Do you see us being able to "extract" info from objects produced by these two packages (probably easy), or do you imagine us writing "wrappers" around those two packages (more maintenance)?
@vincentarelbundock Would be nice to have model-averaged marginal effects. It appears very few have done so, except this one https://www.ajordannafa.com/blog/2022/being-less-wrong where {marginaleffects} was useful. However, I am not sure how to implement model-averaged marginal effects if using frequentist and not Bayesian models. I assume it is to extract coefficient estimates and vcov() from model-averaged summary statistics, and supply it just like a single model to {marginaleffects}. Otherwise, many single models need to be supplied, and it sounds lots of predictions to do for {marginaleffects}.

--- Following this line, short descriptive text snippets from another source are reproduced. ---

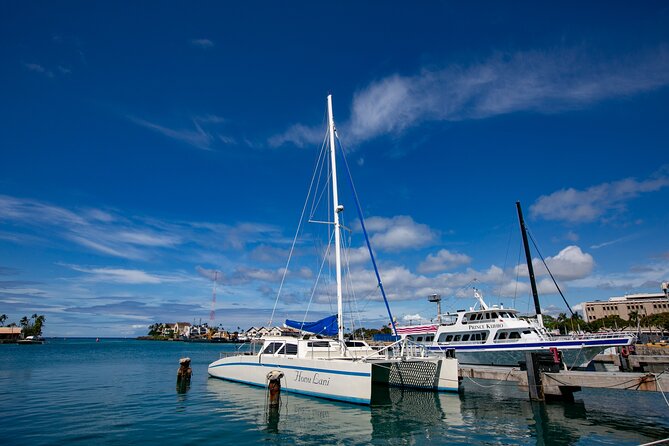 Waikiki Catamaran Snorkel Sail with Lunch: Turtles Guaranteed - Getting into the water at Turtle Canyon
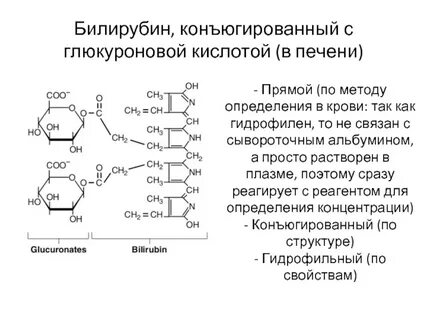 Роль глюкуроновой кислоты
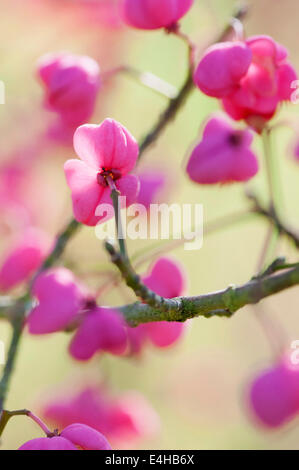 Albero di mandrino, Euonymus hamiltonianus 'Pink delight". Foto Stock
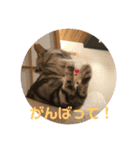 するめといっしょ2（個別スタンプ：13）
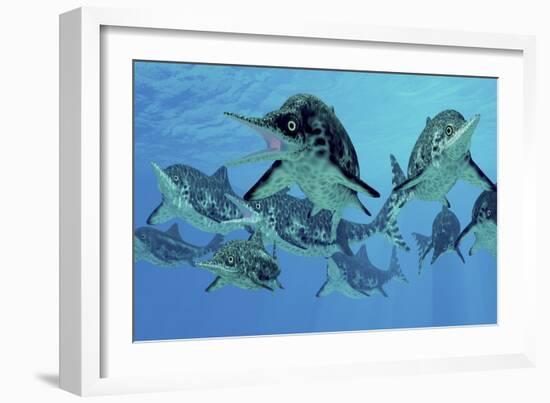 A Group of Ichthyosaurs Swimming in Prehistoric Waters-Stocktrek Images-Framed Premium Giclee Print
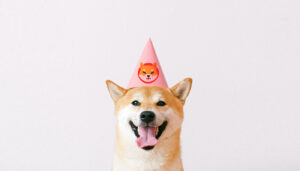 Shiba Inu
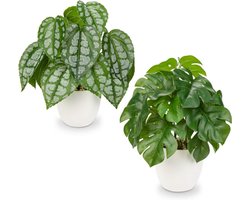 Set Van 2 Kunstplanten 28 cm In Pot - Decoratieve Nepplanten Voor Binnen - Bloemdecoratie Voor Huis-En Kantoor-Tafel-En Bureaudecorati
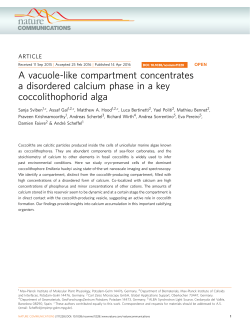 A vacuole-like compartment concentrates a disordered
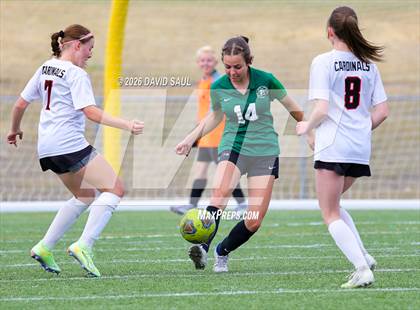 Thumbnail 1 in JV: Elizabeth @ Falcon photogallery.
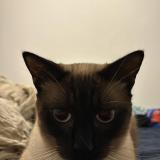 Picture of cat lost at Julos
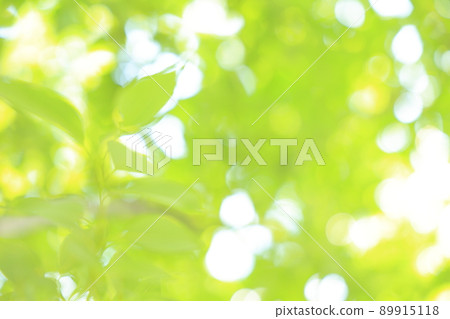 Image of comfortable sunbeams looking up while walking in the forest bath 89915118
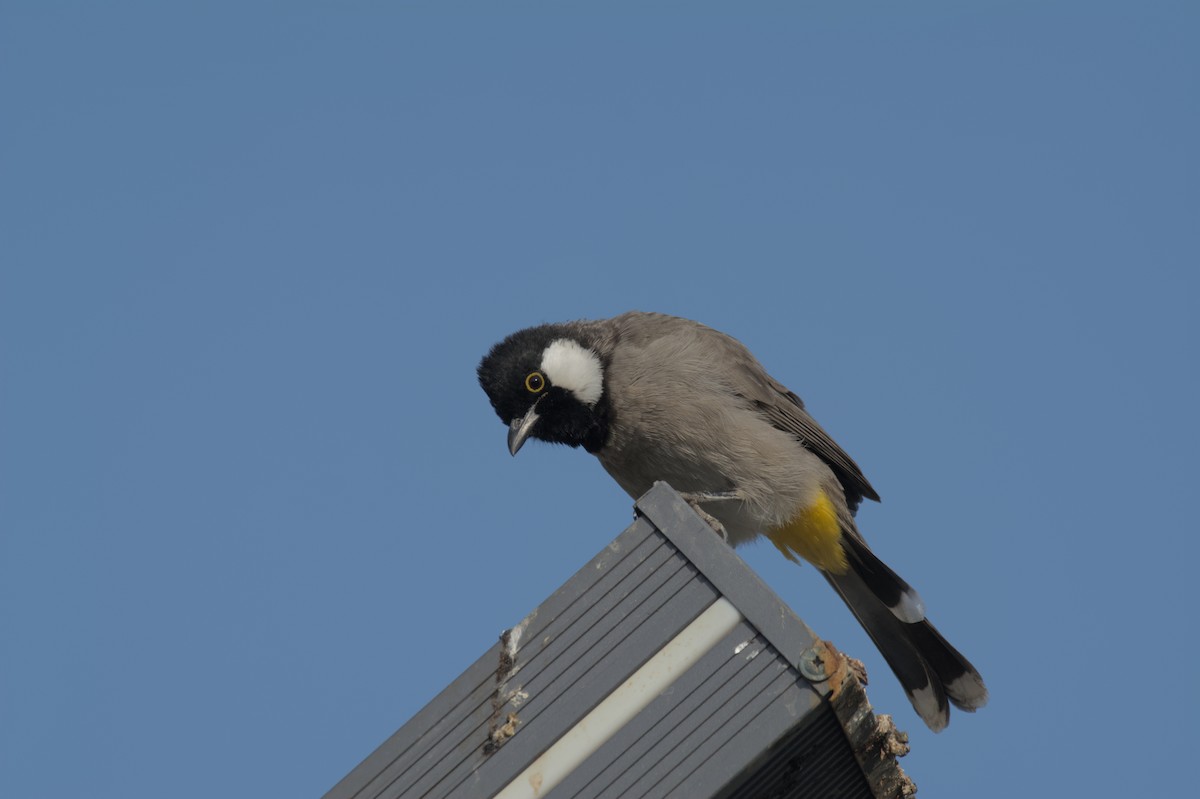 Белоухий бюльбюль - ML646506096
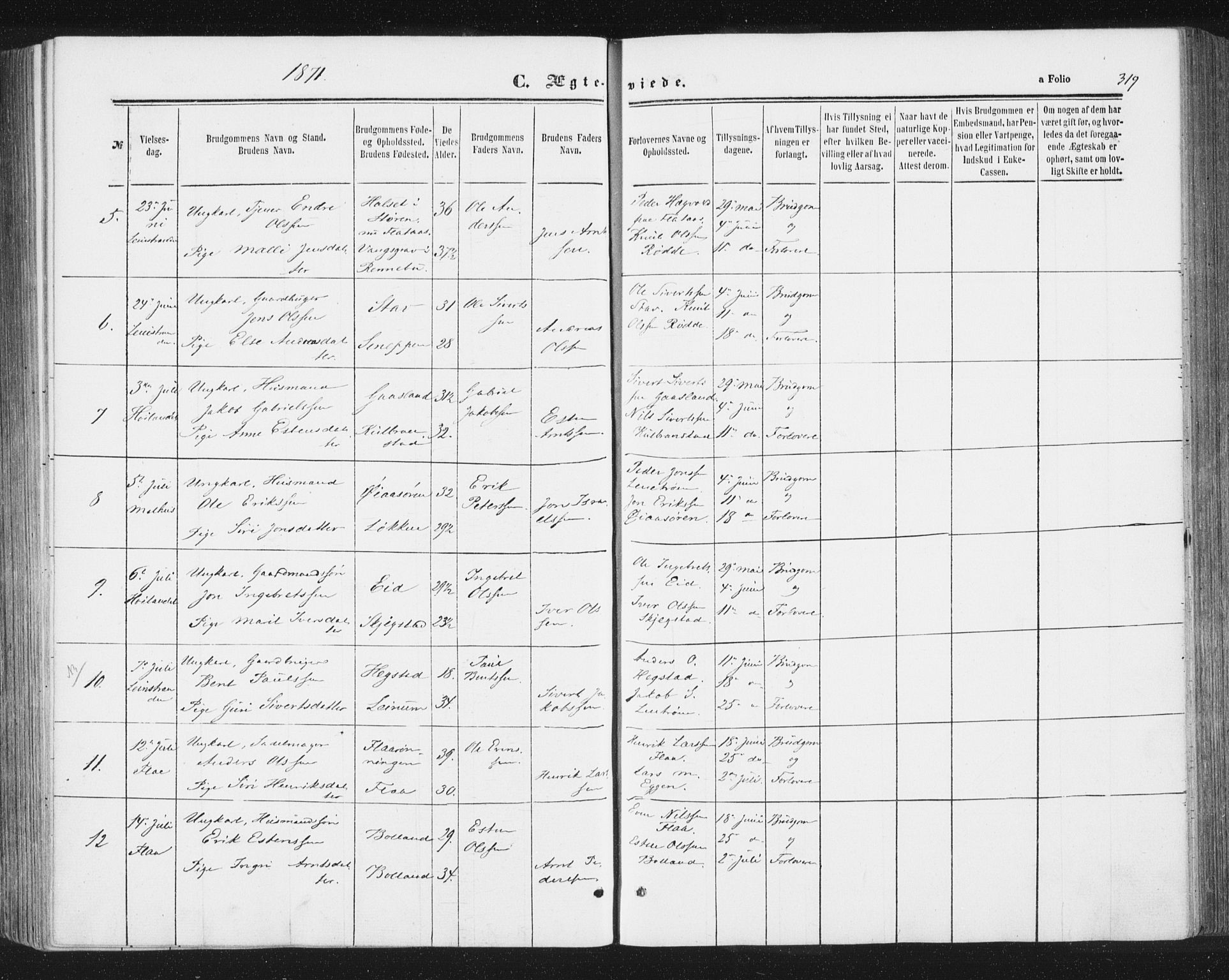 Ministerialprotokoller, klokkerbøker og fødselsregistre - Sør-Trøndelag, AV/SAT-A-1456/691/L1077: Parish register (official) no. 691A09, 1862-1873, p. 319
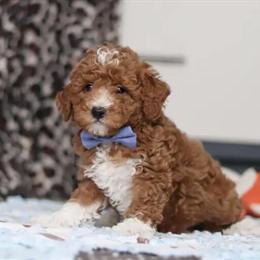 Mini Golden Doodle Boy - Red and White Available in Waterford, mi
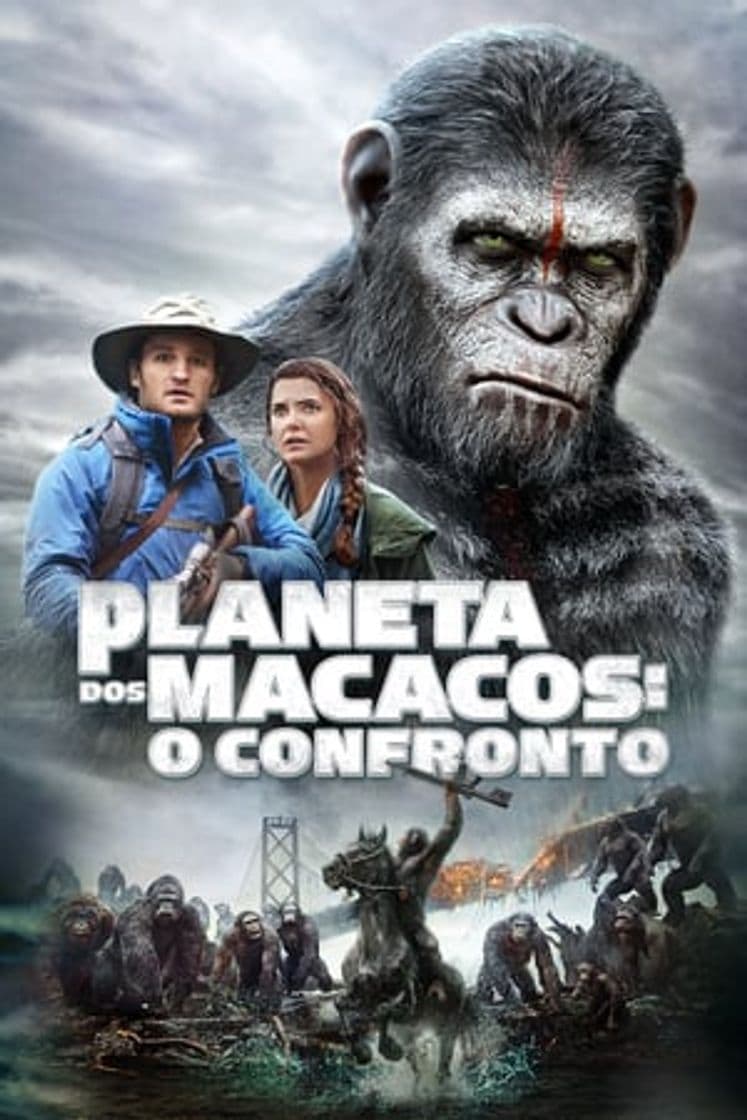 Película Dawn of the Planet of the Apes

There's now a convenient package for computing frequentist model-averaged CIs/CDs https://cran.r-project.org/web/packages/MATA/index.html
As well as for Bayesian model-averaging/stacking https://mc-stan.org/loo/reference/loo_model_weights.html
We should have a function to compute average estimates/intervals/densities. It should permit choice of weighting method, interval method, and be passable to {see} for plotting.
For frequentist averaging, that's usually done based on information criteria, so this would entail a soft dependency of {parameters} on {performance}.